▶ [Problem to solve]: Make an exact copy of the listing, without images.

▶ [Dataset section]:
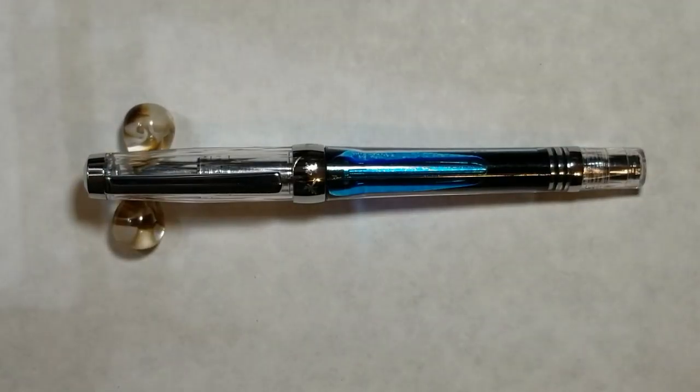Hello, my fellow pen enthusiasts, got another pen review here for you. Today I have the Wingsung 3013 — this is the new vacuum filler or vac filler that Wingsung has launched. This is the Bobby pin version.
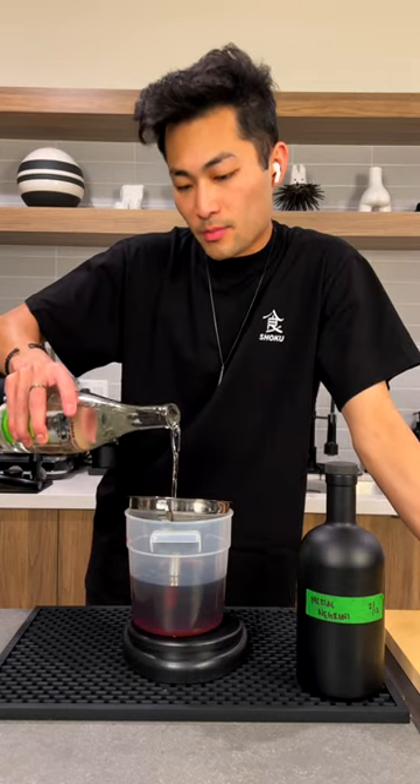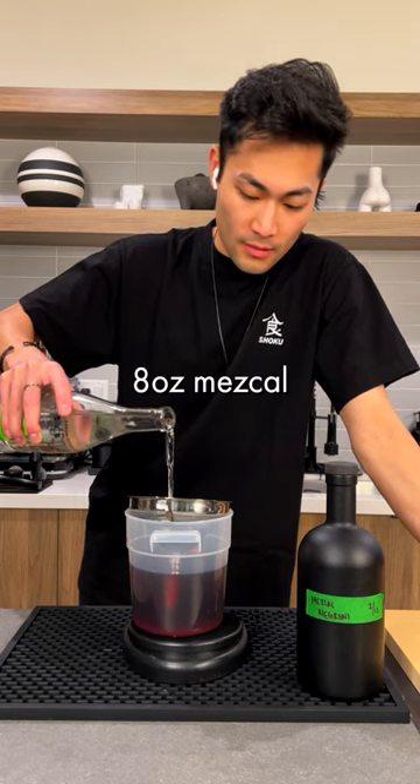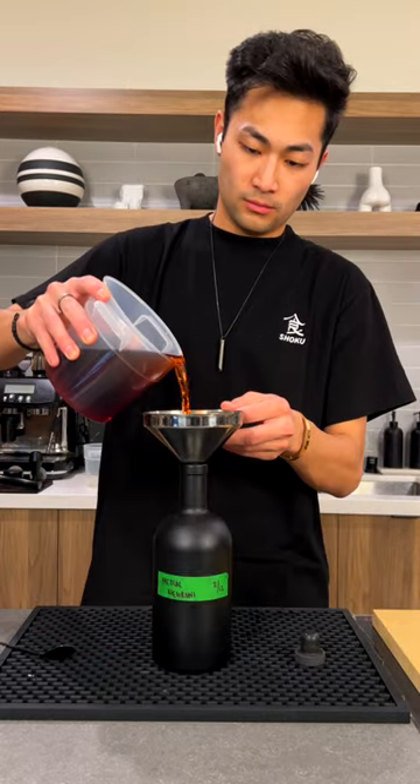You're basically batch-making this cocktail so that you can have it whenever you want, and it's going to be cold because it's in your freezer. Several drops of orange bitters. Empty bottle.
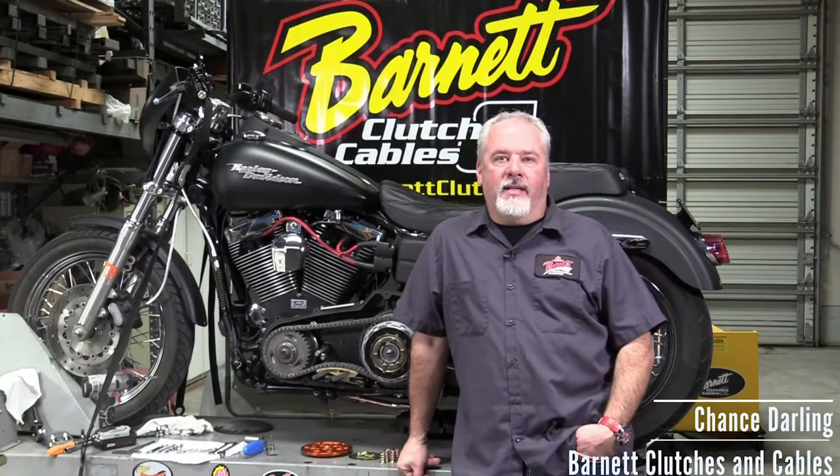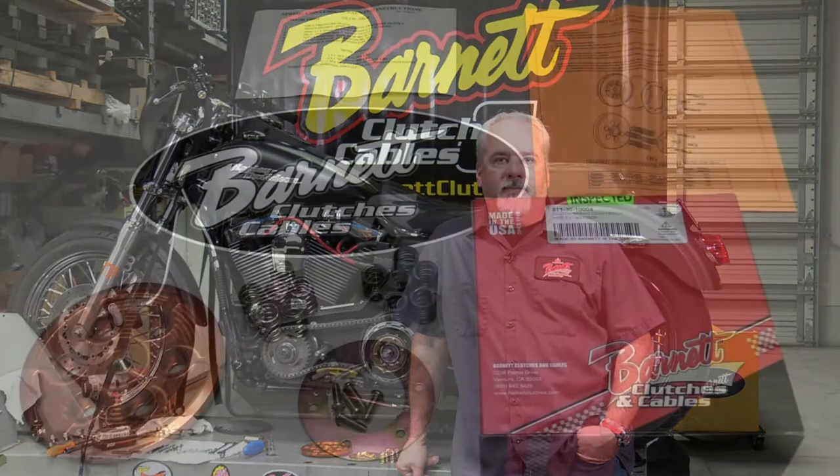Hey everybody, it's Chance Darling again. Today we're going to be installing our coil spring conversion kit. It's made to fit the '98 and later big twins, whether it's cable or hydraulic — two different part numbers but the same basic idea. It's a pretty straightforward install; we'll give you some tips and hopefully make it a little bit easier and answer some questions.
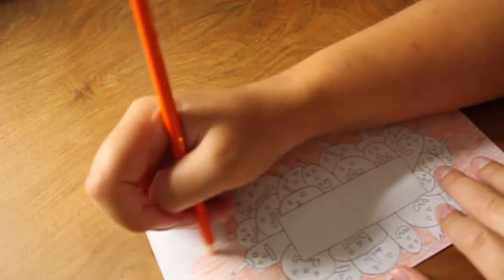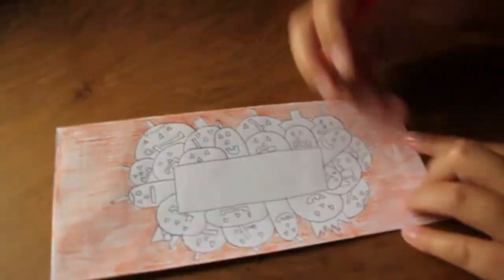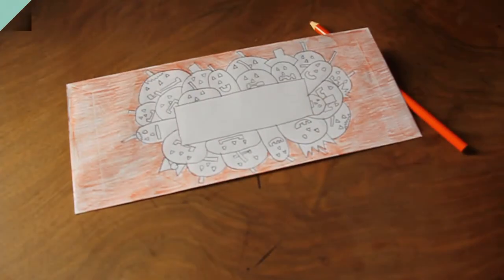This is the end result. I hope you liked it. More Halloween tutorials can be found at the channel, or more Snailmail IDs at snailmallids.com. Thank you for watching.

▶ [Answer to the exercise]:
Hello, my fellow pen enthusiasts, got another pen review here for you. Today I have the Wingsung 3013 — this is the new vacuum filler or vac filler that Wingsung has launched. This is the Bobby pin version.
You're basically batch-making this cocktail so that you can have it whenever you want, and it's going to be cold because it's in your freezer. Several drops of orange bitters. Empty bottle.
Hey everybody, it's Chance Darling again. Today we're going to be installing our coil spring conversion kit. It's made to fit the '98 and later big twins, whether it's cable or hydraulic — two different part numbers but the same basic idea. It's a pretty straightforward install; we'll give you some tips and hopefully make it a little bit easier and answer some questions.
This is the end result. I hope you liked it. More Halloween tutorials can be found at the channel, or more Snailmail IDs at snailmallids.com. Thank you for watching.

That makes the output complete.